こころの法話集001
お話001
心正しく、生きがいを
福井市田原二丁目・法円寺住職 細江乗爾
快い闇?
「闇(やみ)は光を予想する者にのみ苦である」。ある念仏者のコトバです。光を求めていない者にとっては、闇は苦ではないようです。人間は風に揺らぐ葦(あし)のように、揺れながら、自ら閉ざした暗い闇路をさまよっているのです。
経文の中の三毒段では、悪を遠ざけ、善を求めて勤め、励めと教え、また、五悪段でも、めざめよ、闇をいでよと、呼びかけて下さっているのです。人は自分の生活に、頼りになるものを失ってしまったといえます。これこそ確かだ、これを離さず、これを頼りにしておれば、間違いない、というよりどころを見失ってしまっているともいえます。

これでは、本当に楽に生きることは出来ません。
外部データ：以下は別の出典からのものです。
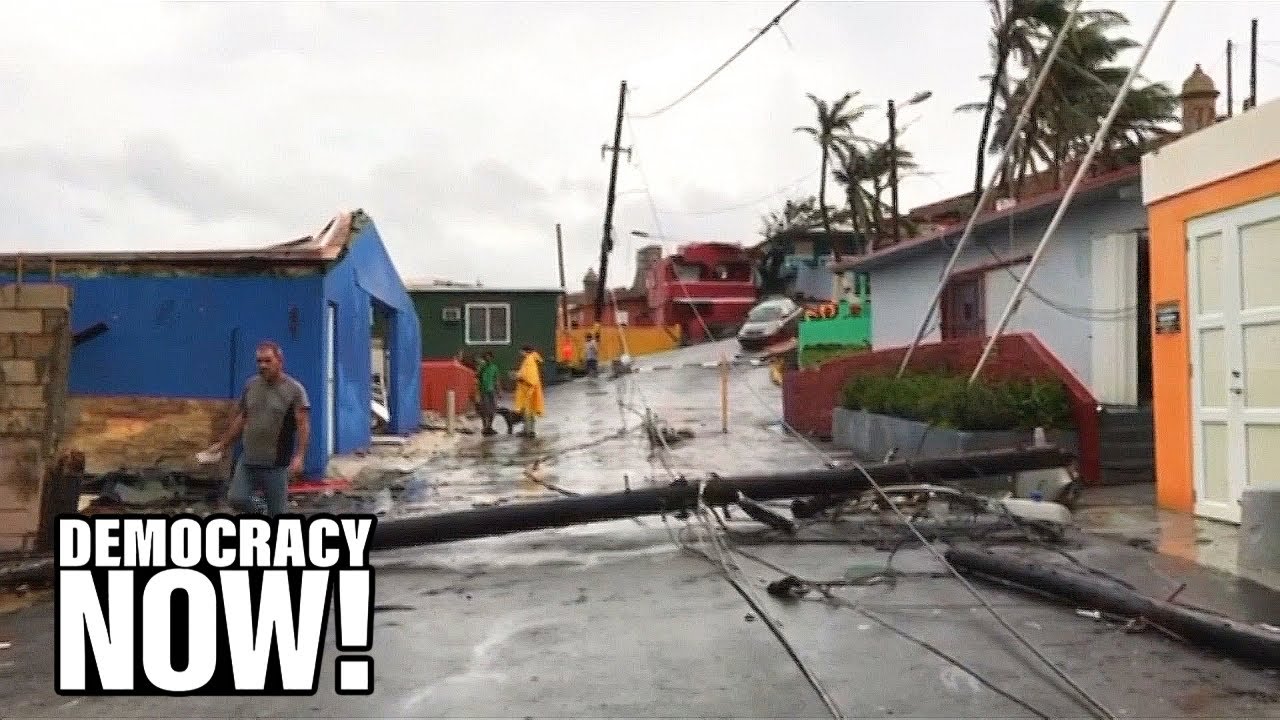 Hurricane LUMA: Puerto Ricans Fight Big Coal & Privatized Energy Amid Climate Disasters, Blackouts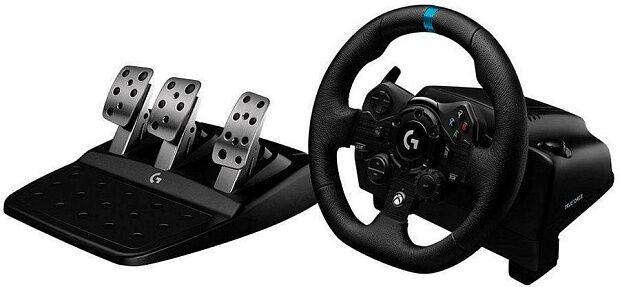 Руль/ Logitech G923 Steering Wheel  for Xbox Series X S, Xbox One and PC - 1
努力精進だなんて無理な話です。何が来ても、すぱり、すぱりと切り抜けていくなんて、とても出来ません。いかに物に恵まれてはいても、家庭争議や疑心暗鬼などに明け暮れていては、生きがいのある充実した毎日が送れるはずはないのです。
仏法は、「一心制意、端身正行」と教えます。心を正しく統(す)べられると、身も正しくなる。身も心も法に統べられるというのです。言うことと行うことが一つになります。人間の悲しい姿が、仏の慈悲によって統べられ、凡夫のはからいから仏のはからいへと、移って行くのでしょう。